Il ricorrente ha infatti omesso di riportare, testualmente, le contestazioni che assume svolte già nel ricorso originario (relative alla data del concesso mutuo, alla vendita e successivo acquisto dei cespiti in oggetto, alla donazione che assume esistente). Questa Corte ha costantemente affermato (Cass. n. 6542/2004). “Qualora una determinata questione giuridica – che implichi un accertamento di fatto – non risulti trattata in alcun modo nella sentenza impugnata, il ricorrente che proponga la suddetta questione in sede di legittimità, al fine di evitare una statuizione di inammissibilità, per novità della censura, ha l’onere non solo di allegare l’avvenuta deduzione della questione dinanzi al giudice di merito, ma anche, per il principio di autosufficienza del ricorso per Cassazione, di indicare in quale atto del giudizio precedente lo abbia fatto, onde dar modo alla Corte di controllare ex actis la veridicità di tale asserzione, prima di esaminare nel merito la questione stessa”. Ed ancora (Cass. n. 10330/2003). “In base al principio di autosufficienza, è inammissibile il ricorso per cassazione che non consenta l’immediata e pronta individuazione delle questioni da risolvere e delle ragioni per cui si chieda la cassazione della sentenza di merito, nè permetta la valutazione della fondatezza di tali ragioni ex actis, senza la necessità di far rinvio ed accedere a fonti estranee al ricorso e, quindi, ad elementi ed atti attinenti al pregresso giudizio di merito”.

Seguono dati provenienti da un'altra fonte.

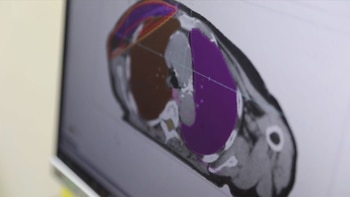 Los cánceres de pulmón en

Il motivo è pertanto inammissibile.
Alla luce delle considerazioni svolte il ricorso va rigettato. Le spese vendono regolate come in dispositivo in applicazione del principio della soccombenza.
P.Q.M.
La Corte rigetta il ricorso; condanna il ricorrente alle spese di giudizio che liquida in Euro 2.200,00 delle quali Euro 200,00 per esborsi, oltre spese generali e competenze come per legge.
Così deciso in Roma, il 1 dicembre 2010.